Repeat exactly the lines beginning at the one that contains "Image of: Oreaster" and running to the end of the material. Omit the pictures.

> Data shown:
——
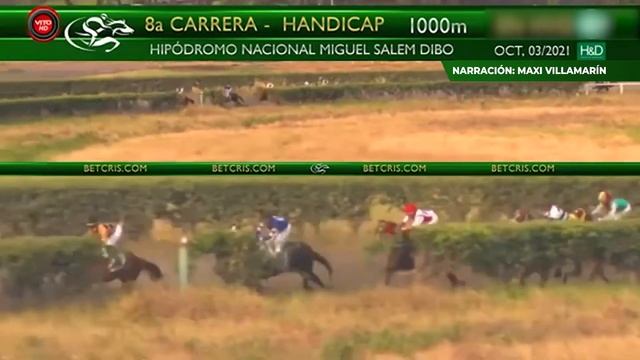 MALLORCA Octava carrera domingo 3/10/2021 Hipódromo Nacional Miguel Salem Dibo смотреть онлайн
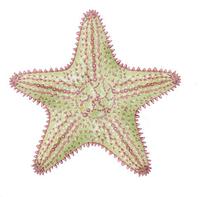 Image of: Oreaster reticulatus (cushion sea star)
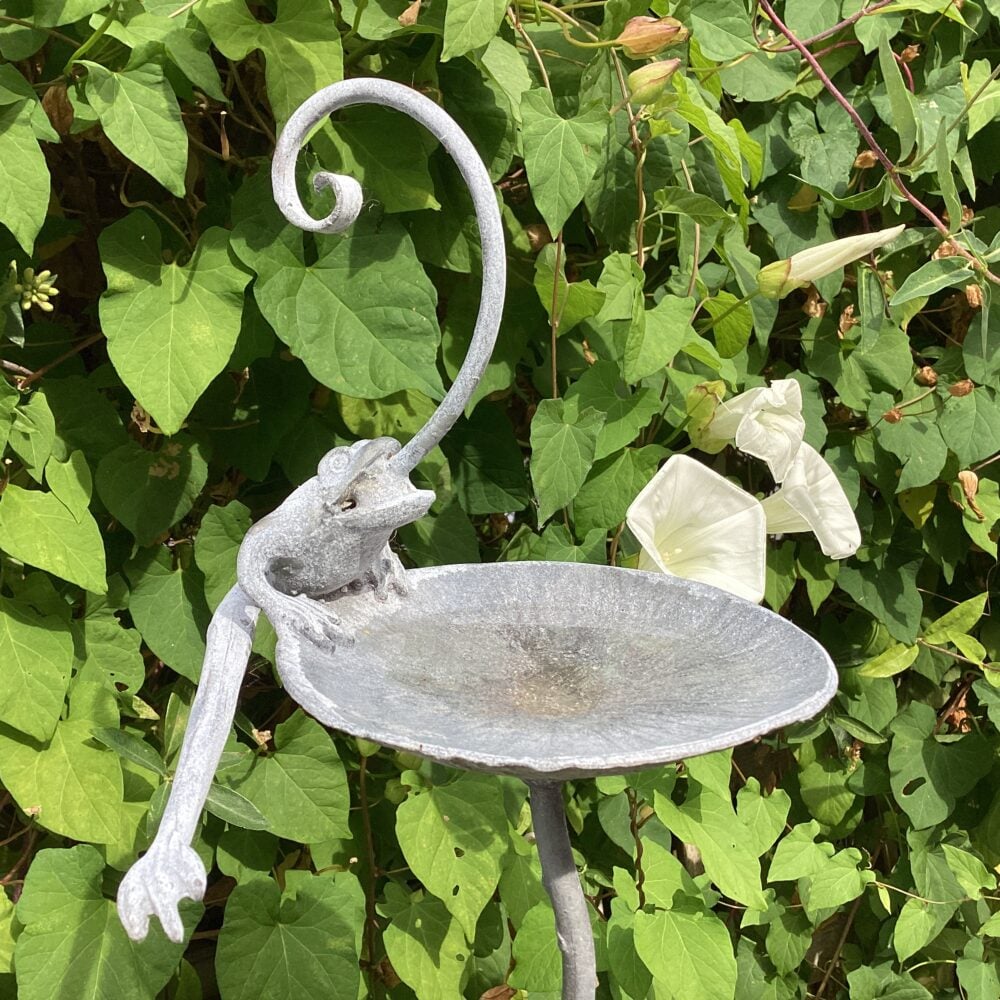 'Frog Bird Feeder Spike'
——
> The answer:
 Image of: Oreaster reticulatus (cushion sea star)
 'Frog Bird Feeder Spike'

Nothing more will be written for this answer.